Skipped tools get explicit error results The LLM protocol requires a tool result for every tool call in the assistant message. Omitting them would cause API errors. The skip message also informs the model about what was not done.
Continue() uses SkipInitialSteeringPoll Prevents race conditions and double-dequeuing when resuming an idle agent.
Queue stored on AgentLoop, not AgentInstance Steering is a loop-level concern (it affects the iteration flow), not a per-agent concern.
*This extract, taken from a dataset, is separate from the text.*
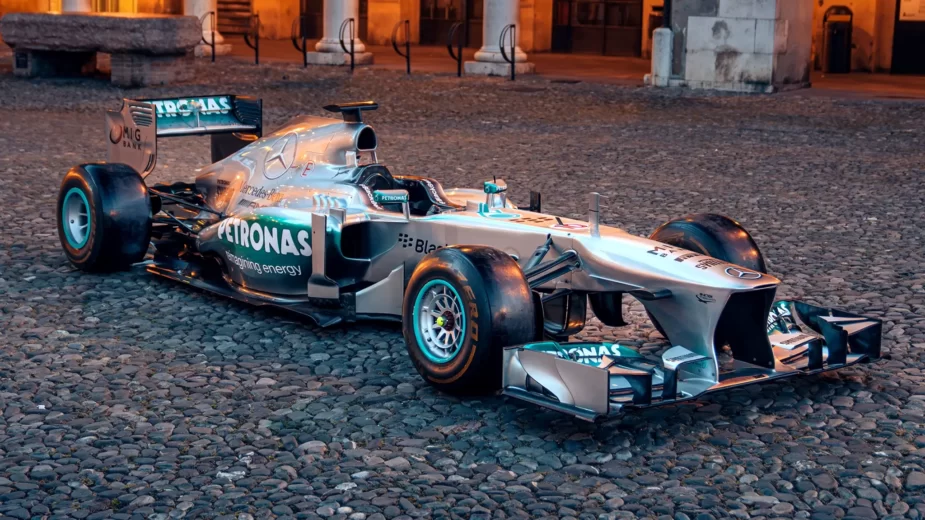 Mercedes-AMG F1 2013 de Lewis Hamilton - frente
All agents share the same steering queue since processMessage is sequential.
Bus drain goroutine in Run() Channels (Telegram, Discord, etc.) publish to the bus via PublishInbound. Without the drain, messages would queue in the bus channel buffer and only be consumed after processMessage returns — defeating the purpose of steering. The drain goroutine bridges the gap by consuming new bus messages and calling Steer() while the agent is busy.
Audio transcription before steering The drain goroutine calls al.transcribeAudioInMessage(ctx, msg) before steering, so voice messages are converted to text before the agent sees them. If transcription fails, the error is silently discarded and the original message is steered as-is.
MaxQueueSize = 10 Prevents unbounded memory growth if a user sends many messages while the agent is busy. Excess messages are dropped with a warning.